Ende des 19. und Anfang des 20. Jahrhunderts bis zu den 30er Jahren gingen immer mehr Einwohner nach Amerika, vor allem nach Kanada, um dort Geld zu verdienen, womit sie in Pari besser vorankommen und eventuell Felder kaufen konnten. 1903 wurde Pari in den Schienenverkehr eingebunden. Ihre Blütezeit erlebte die Gemeinde in den 1930er und 1940er Jahren, als sie am dichtesten besiedelt war. Laut der Volkszählung von 1941 erreichte Pari eine Einwohnerzahl von 1520. Seine ethnische Zusammensetzung blieb homogen, 94% der Bevölkerung bekannte sich zum Deutschtum. Die hier Wohnenden waren auf Selbstversorgung eingestellt, führten ein bäuerliches Leben, bearbeiteten die Felder, Weingärten und die Wälder des Herzogs Esterházy und züchteten Vieh. Es gab auch Handwerker, die ihre Produkte und die landwirtschaftlichen Güter auf dem Markt der Nachbardörfer verkauften.

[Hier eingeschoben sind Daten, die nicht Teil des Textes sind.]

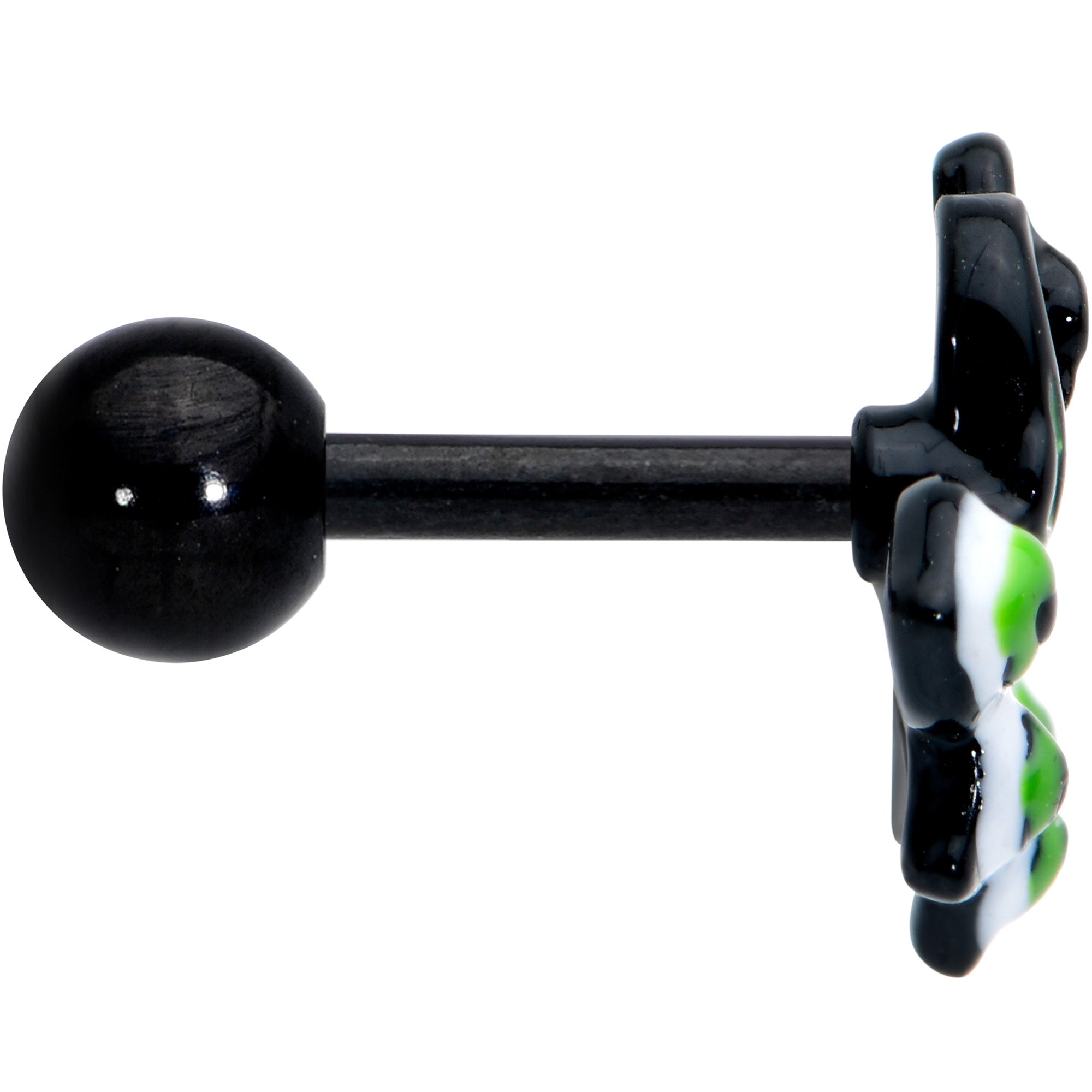 16G 1/4 Black Green Perfect Peacock Cartilage Tragus Earring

Aber wie die Parier gelebt haben, darüber gibt es eine Erinnerung von der ehemaligen Bewohnerin Elisabeth Páczelt (1926-2017), die bis zur Vertreibung in Pari lebte. Diese Erinnerungen sind bereits im Deutschen Kalender 2022 erschienen. Hier sind nur Auszüge zu lesen. Sie beschrieb das Dorf so:

Das Dorf Pari liegt in einem schönen Tal mit zwei Hauptstraßen, zwei Nebenstraßen und mehreren Gassen. Es gibt noch eine kleine Siedlung mit Einfamilienhäusern, die in letzter Zeit gebaut wurden. Das ist die Neustadt. Pari hatte ca. 300 Häuser mit 1500 Einwohnern, eine schöne mittelgroße Kirche (gebaut 1963-1967), ein Rathaus, ein Pfarrhaus, drei Schulgebäude, drei Läden (Gwelber), drei Gasthäuser, vier Haarschneider für Männer, vier Tischler, zwei Stellmacher, mehrere Maurer, Schneider, zwei Hebammen, Dreher (=Drechsler), Schmied, Klumpenmacher, Schäfer, Sauhalter – und eine Schnapsbrennerei!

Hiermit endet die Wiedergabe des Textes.